The walk, one short (0.5k) and the other a longer loop (1.5km) winds around a varied track of bushland. Home to several bird species, if you're a twitcher, best to visit at dusk or dawn. There are interpretive signs explaining the species that call this spot home, from pobblebonk frogs to tiny birds that feast on insects and help keep the bio-system in balance.
DIRECTIONS: This walk begins two streets behind the Marysville information centre. There's a carpark on Kings Road.
AMENITIES: There's a picnic table in the carpark but little vegetation to make it cosy.
Please check Parks Victoria website for the latest track updates and alerts: www.parkweb.vic.gov.au/explore/parks/yarra-ranges-national-park
The trail begins in the shade, walking through towering manna gums. Listen for lyrebirds and their complex bird calls ringing continuously through the forest.
Watch your step because there are several types of fungi growing along this trail. Learn more about mushrooms in Australia by the link below.
This trail crosses Leary Creek in two spots. Badly affected by the Black Saturday bushfires, the creek contains one of the few remaining populations of a nationally endangered fish, Barred Galaxias.
There are a couple of benches along the trail and several interpretative signs if you'd like to know more about the flora and fauna native to this area. Look for signs of wombats digging as you rest.
Even when felled, the beauty of these gums remain. Some of the fellings will be accidental and caused by the weather, others will be deliberate clearing efforts.

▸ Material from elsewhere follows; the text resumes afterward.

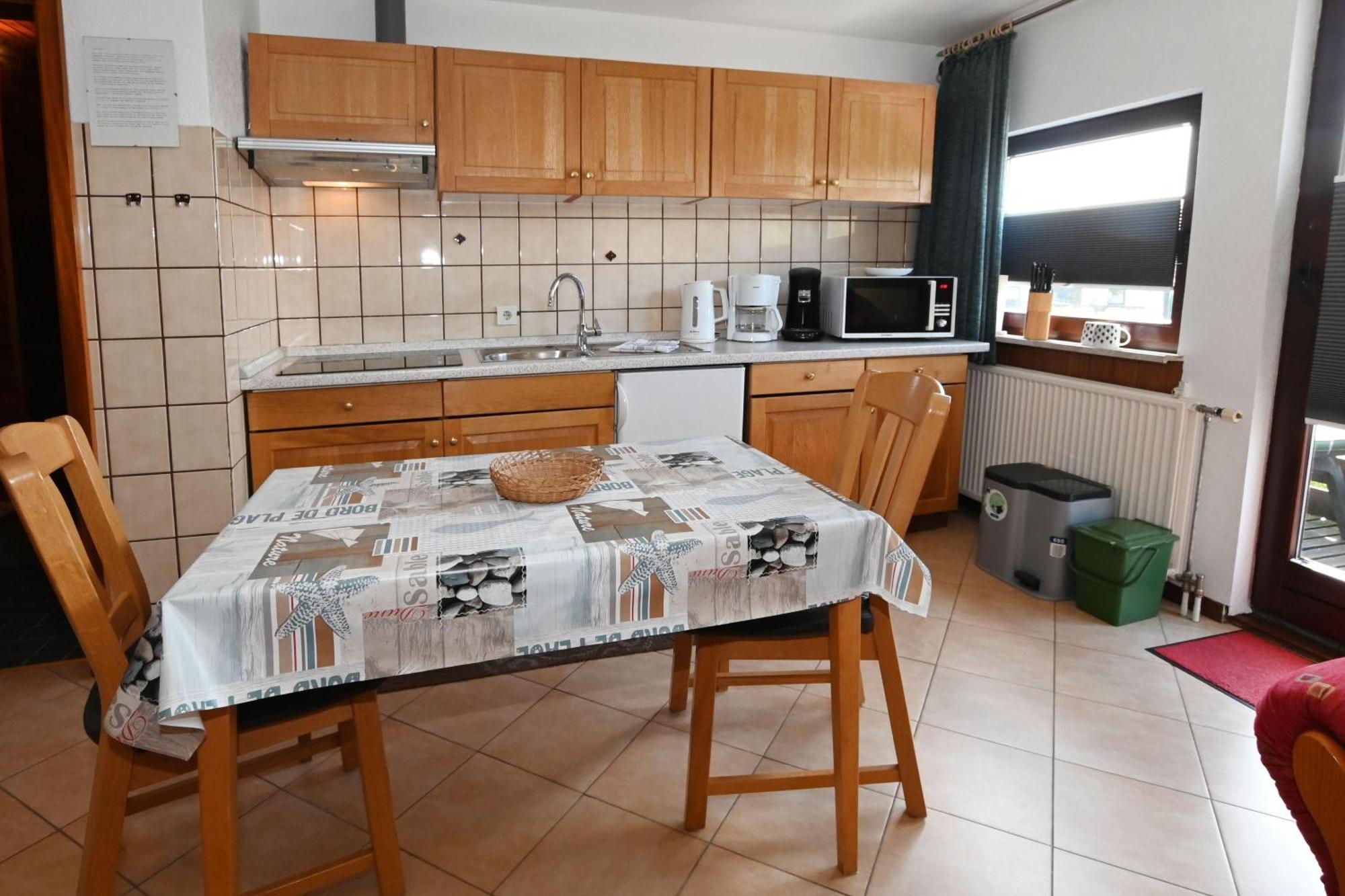 Haus-Lily-Nr-03 Apartment Busum Exterior photo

If you look carefully, you'll see tiny moments of interaction between the natural world, like a drop of sap that's fallen over 100 metres to land on this fern.
After the Black Saturday bushfires, signs of renewal and regrowth came from the resilient tree ferns, their bright green fronds striking against a backdrop of burnt out Manna gums.
As trail starts to descend into the tree fern groves, the fungi find themselves in a darkened paradise. At your feet, you might also notice birds foraging about, looking to feast on small insects.
This trail includes a fantastic boardwalk pathway through fern tree groves. In 1939, a bushfire rushed through The Beauty Spot and destroyed these very same groves, along with a popular tourist spot.
This is a cooler spot to rest, hidden in the lush ferns and overhanging foilage. The trail is in a similar state of transition today, after being reconstructed following the Black Saturday bushfires.
As you walk through the wetlands, listen for the call of the Pobblebonk or banjo frog, named because of the 'bonk' sound it makes, like a banjo string being plucked.
The boardwalk resumes again, this time leading walkers in the direction of the light. Look up to spot bright-coloured parrots or wattle birds, raucously guarding their precious nectar supplies.
As you walk towards the carpark look out towards the other side of Marysville and the valley for a reminder of how much was lost in the bushfires and all that is now slowly regenerating each day.